Napięcie przed pierwszym lotem w centrum kontroli misji było tak duże, że powietrze można było kroić nożem. Osoby z zespołu Ingenuity przyznawały, że jeżeli pierwszy lot się powiedzie, będzie to ogromny sukces. W optymistycznej wersji helikopter miał spróbować wykonać pięć coraz trudniejszych lotów. Na realizację całego programu lotów Ingenuity dostał 30 marsjańskich dni.
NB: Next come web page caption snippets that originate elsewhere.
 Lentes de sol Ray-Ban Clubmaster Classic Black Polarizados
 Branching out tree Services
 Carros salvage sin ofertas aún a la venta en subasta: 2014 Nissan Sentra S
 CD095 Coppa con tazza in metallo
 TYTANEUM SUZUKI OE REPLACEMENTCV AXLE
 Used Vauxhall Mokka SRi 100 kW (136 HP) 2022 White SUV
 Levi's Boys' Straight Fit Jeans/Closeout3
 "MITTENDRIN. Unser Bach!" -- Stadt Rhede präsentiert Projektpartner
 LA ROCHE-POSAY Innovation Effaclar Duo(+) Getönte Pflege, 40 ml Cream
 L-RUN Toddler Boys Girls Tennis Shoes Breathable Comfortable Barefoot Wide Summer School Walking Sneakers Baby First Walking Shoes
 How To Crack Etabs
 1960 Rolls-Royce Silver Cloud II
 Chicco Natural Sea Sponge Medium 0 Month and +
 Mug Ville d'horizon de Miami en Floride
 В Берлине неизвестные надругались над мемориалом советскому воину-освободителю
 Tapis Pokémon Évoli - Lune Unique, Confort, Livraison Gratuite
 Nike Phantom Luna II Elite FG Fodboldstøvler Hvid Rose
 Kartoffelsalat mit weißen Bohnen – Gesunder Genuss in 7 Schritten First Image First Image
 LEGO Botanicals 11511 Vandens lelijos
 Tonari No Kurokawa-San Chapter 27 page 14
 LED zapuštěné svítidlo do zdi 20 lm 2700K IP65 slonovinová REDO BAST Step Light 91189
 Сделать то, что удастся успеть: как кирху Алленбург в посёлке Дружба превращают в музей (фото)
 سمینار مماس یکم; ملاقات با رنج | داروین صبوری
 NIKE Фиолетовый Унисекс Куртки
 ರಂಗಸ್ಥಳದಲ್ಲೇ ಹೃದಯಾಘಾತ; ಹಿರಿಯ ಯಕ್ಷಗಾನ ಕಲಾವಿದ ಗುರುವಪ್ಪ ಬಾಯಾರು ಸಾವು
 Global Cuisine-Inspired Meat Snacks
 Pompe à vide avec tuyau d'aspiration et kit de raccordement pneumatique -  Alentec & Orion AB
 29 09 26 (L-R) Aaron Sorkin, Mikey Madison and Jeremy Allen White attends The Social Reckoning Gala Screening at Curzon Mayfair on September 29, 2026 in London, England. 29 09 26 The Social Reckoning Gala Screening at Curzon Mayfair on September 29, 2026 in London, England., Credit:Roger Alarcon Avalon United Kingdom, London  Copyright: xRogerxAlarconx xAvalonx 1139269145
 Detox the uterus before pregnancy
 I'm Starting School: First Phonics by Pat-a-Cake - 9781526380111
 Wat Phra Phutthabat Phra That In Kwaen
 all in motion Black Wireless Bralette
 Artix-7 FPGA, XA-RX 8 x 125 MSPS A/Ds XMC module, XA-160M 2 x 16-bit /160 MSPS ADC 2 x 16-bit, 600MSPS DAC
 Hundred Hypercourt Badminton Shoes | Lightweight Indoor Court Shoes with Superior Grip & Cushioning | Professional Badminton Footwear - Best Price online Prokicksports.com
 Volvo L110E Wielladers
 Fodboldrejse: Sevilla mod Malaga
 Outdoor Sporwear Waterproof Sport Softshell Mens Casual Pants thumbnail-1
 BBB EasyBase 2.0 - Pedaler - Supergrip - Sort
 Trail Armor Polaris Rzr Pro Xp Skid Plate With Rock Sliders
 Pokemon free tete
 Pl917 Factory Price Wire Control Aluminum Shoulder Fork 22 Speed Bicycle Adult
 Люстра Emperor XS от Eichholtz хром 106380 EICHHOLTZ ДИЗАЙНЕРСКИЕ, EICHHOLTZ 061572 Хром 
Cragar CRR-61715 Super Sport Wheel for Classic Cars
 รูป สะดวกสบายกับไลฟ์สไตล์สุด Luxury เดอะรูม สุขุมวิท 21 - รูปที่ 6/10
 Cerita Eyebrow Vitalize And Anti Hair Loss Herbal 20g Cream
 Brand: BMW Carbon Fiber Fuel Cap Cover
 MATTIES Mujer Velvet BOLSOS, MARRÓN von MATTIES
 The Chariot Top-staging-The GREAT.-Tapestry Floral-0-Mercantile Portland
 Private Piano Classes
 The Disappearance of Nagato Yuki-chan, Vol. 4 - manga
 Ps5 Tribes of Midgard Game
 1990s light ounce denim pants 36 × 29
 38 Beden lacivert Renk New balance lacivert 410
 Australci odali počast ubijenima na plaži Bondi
Naukowcy nie wiedzieli, w jaki sposób temperatury panujące na powierzchni Marsa wpłyną na wydajność i trwałość paneli słonecznych zainstalowanych na szczycie helikoptera.
Pierwszy lot odbył się 19 kwietnia 2021 r. Dron wzniósł się wtedy na wysokość trzech metrów nad powierzchnią Marsa, po czym bezpiecznie wylądował 40 sekund później. Dopiero w kolejnych lotach próbowano przemieścić się dronem między miejscem startu i lądowania.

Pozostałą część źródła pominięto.